- _Listed entries_

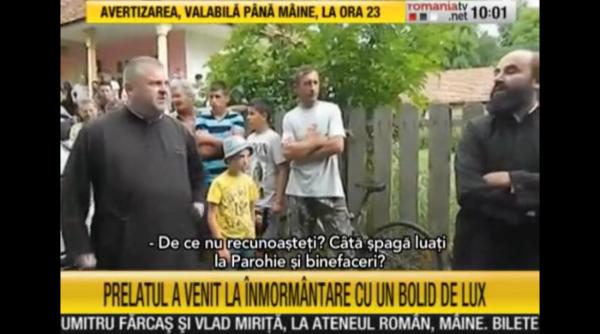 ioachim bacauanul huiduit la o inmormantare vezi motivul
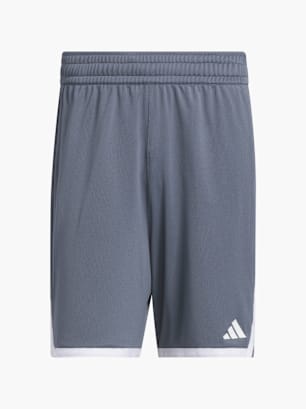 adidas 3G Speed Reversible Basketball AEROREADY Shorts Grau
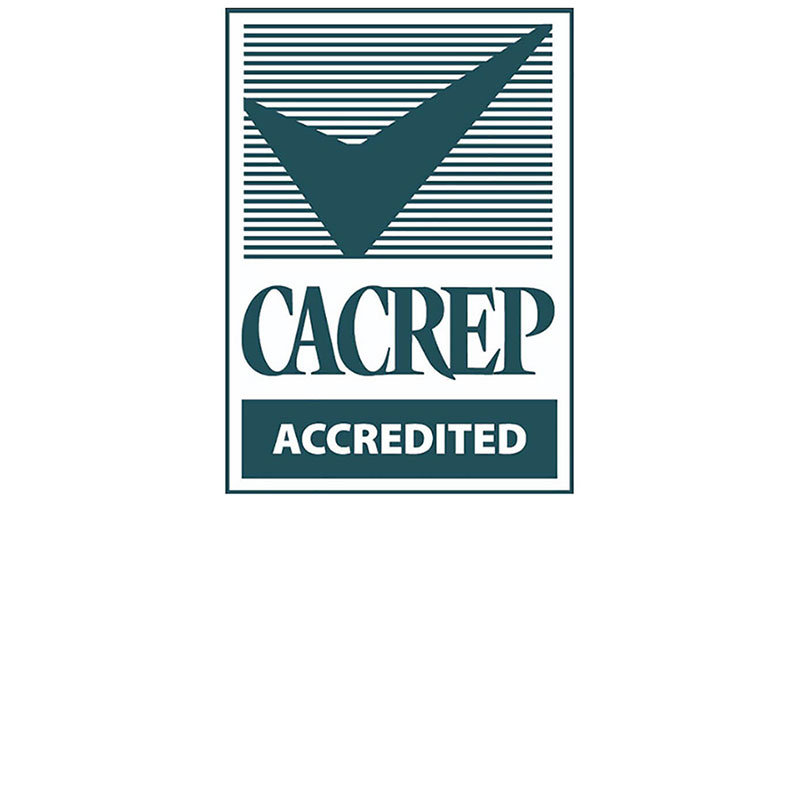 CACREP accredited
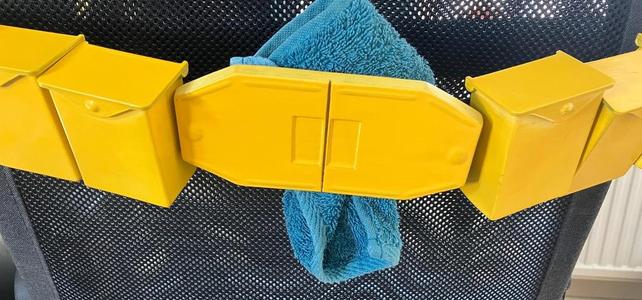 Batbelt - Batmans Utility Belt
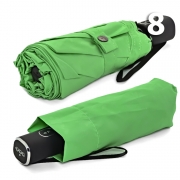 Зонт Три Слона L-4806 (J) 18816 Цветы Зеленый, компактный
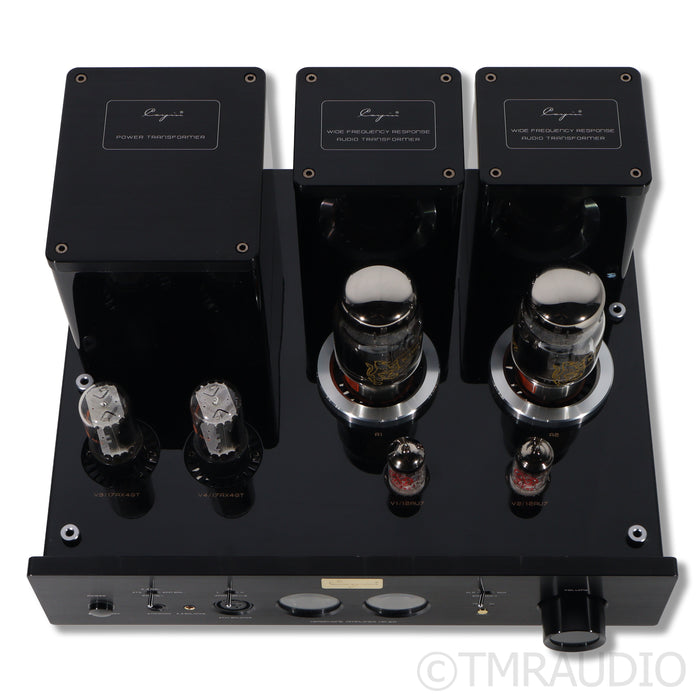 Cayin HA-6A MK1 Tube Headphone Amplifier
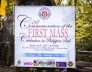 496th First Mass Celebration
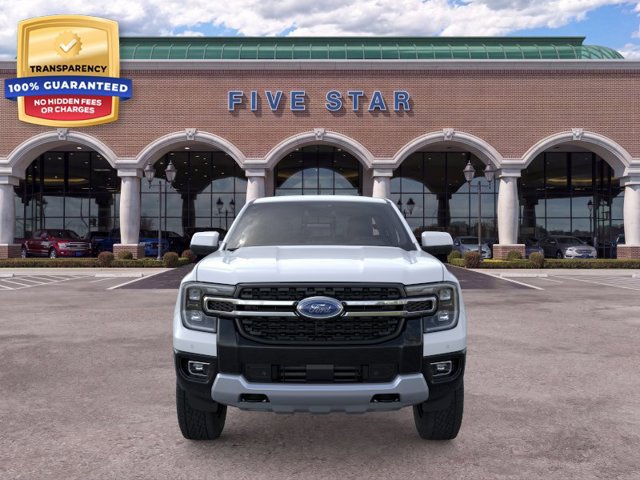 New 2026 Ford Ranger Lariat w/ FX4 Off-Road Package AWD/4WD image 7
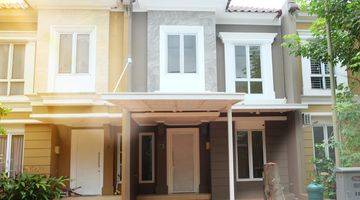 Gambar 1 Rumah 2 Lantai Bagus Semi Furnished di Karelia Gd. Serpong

- _What is being asked_
Although the records above contain pictures, the copy must not; set down exactly the lines from the one with "adidas 3G Speed" up to and including the one with "New 2026 Ford".

- _The answer_
 adidas 3G Speed Reversible Basketball AEROREADY Shorts Grau
 CACREP accredited
 Batbelt - Batmans Utility Belt
 Зонт Три Слона L-4806 (J) 18816 Цветы Зеленый, компактный
 Cayin HA-6A MK1 Tube Headphone Amplifier
 496th First Mass Celebration
 New 2026 Ford Ranger Lariat w/ FX4 Off-Road Package AWD/4WD image 7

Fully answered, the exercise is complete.